Verma_2025_Mol.Neurobiol_62_12963

Alzheimer's disease (AD) is a neurodegenerative disorder that is characterized by memory loss, synaptic impairment, and biochemical changes. The study aimed to investigate the neuroprotective role of ferulic acid (FA) in an AD mouse C57BL/6 model induced by the Abeta(25-35) peptide. Cognitive deficits, which include memory and spatial learning deficits caused by Abeta, were evaluated using a set of behavioural tests. Transmission electron microscopy (TEM), dynamic light scattering (DLS), and Western blot analysis were used to characterize the exosomes from the brain and the serum. The activity of acetylcholinesterase (AChE) in exosomes was also evaluated, and the proteomic analysis of the serum-derived exosomes was conducted through LC-MS Triple ToF and bioinformatics to identify the altered pathways associated with identified proteins. The results obtained showed that there were significant alterations in the exosomal proteome profile after Abeta treatment.

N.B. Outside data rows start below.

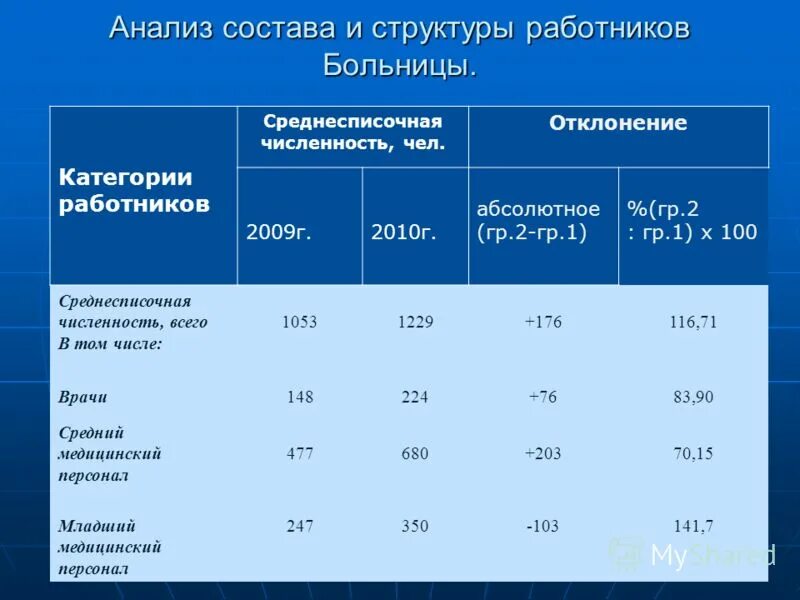Таблица анализ численности работников. Состав персонала по возрастам. Количество принятых и уволенных работников. Численность работников по категориям персонала. Численность работников по категориям персонала.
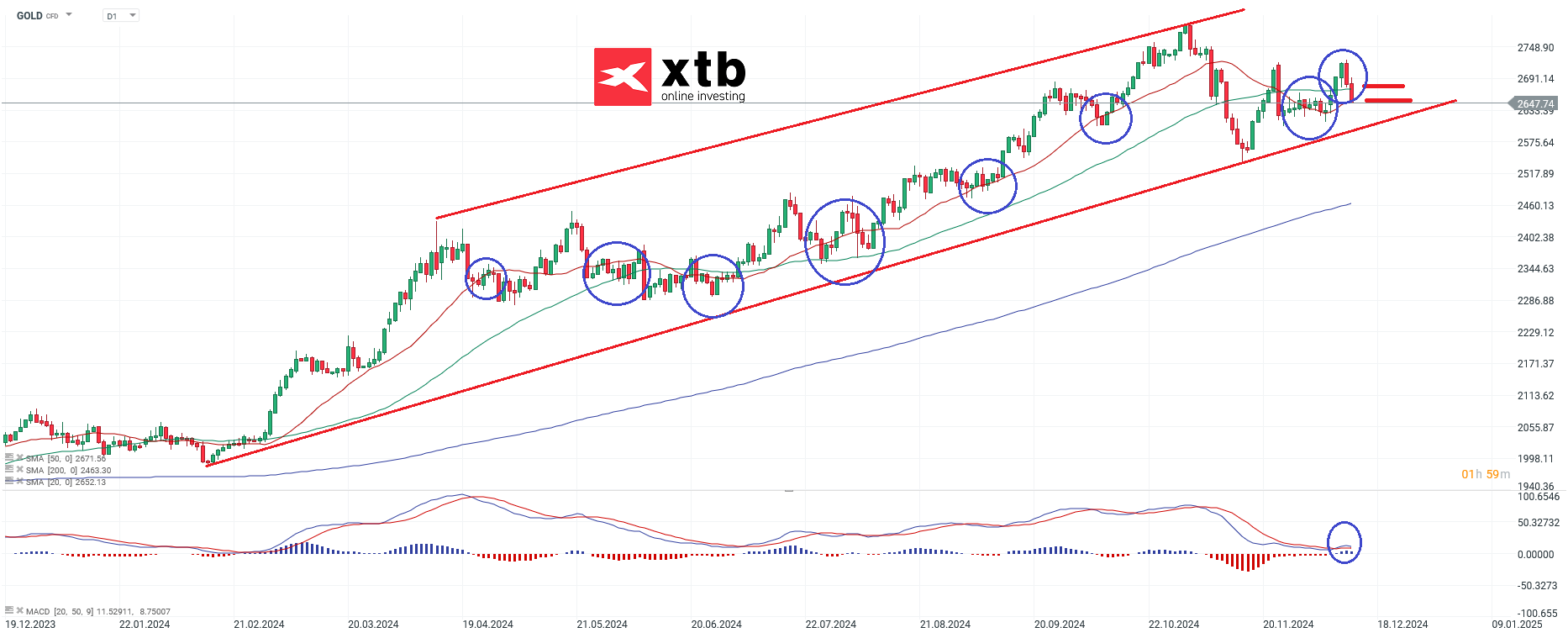 gold-fehlausbruch-die-aktuelle-gold-analyse-Kommentar-Jens-Chrzanowski-stock3.com-1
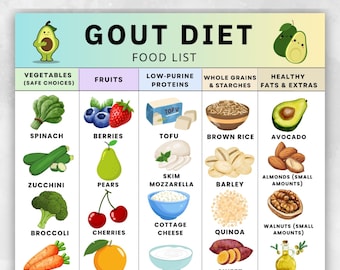 Dica #2: Aumente o Consumo de Laticínios Desnatados - inspiração 3
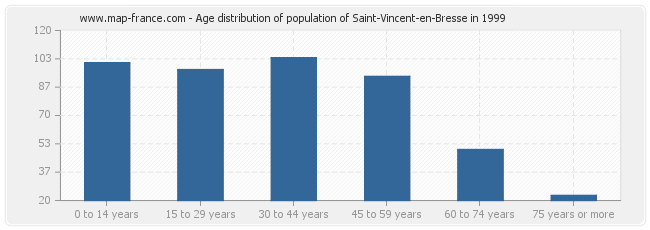 Age distribution of population of Saint-Vincent-en-Bresse in 1999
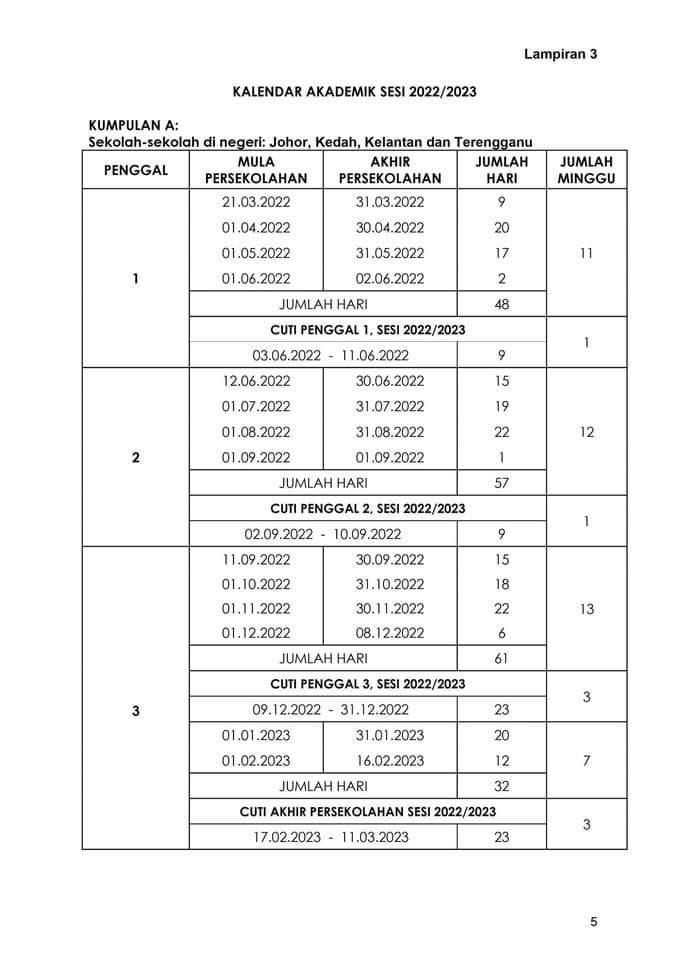 maths t coursework 2022 sem 3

The levels of some of the proteins that are involved in energy metabolism, amyloid clearance, cytoskeleton, oxidative stress, and neuroinflammation were particularly affected. Treatment with the phytochemical FA modulated the exosomal proteome profile alterations and the activity of AChE in exosomes, which are some of the hallmarks of cholinergic dysfunction in the case of AD. However, the analysis of the proteome of the AD condition revealed that there were distinct alterations in the content of serum-derived exosomes, which could be used as candidates for non-invasive biomarkers of AD progression. This work also highlights the possibility of using the phytochemical FA to prevent and treat the neurotoxicity and neurodegenerative cascade induced by Abeta and to correct the protein content of exosomes in AD.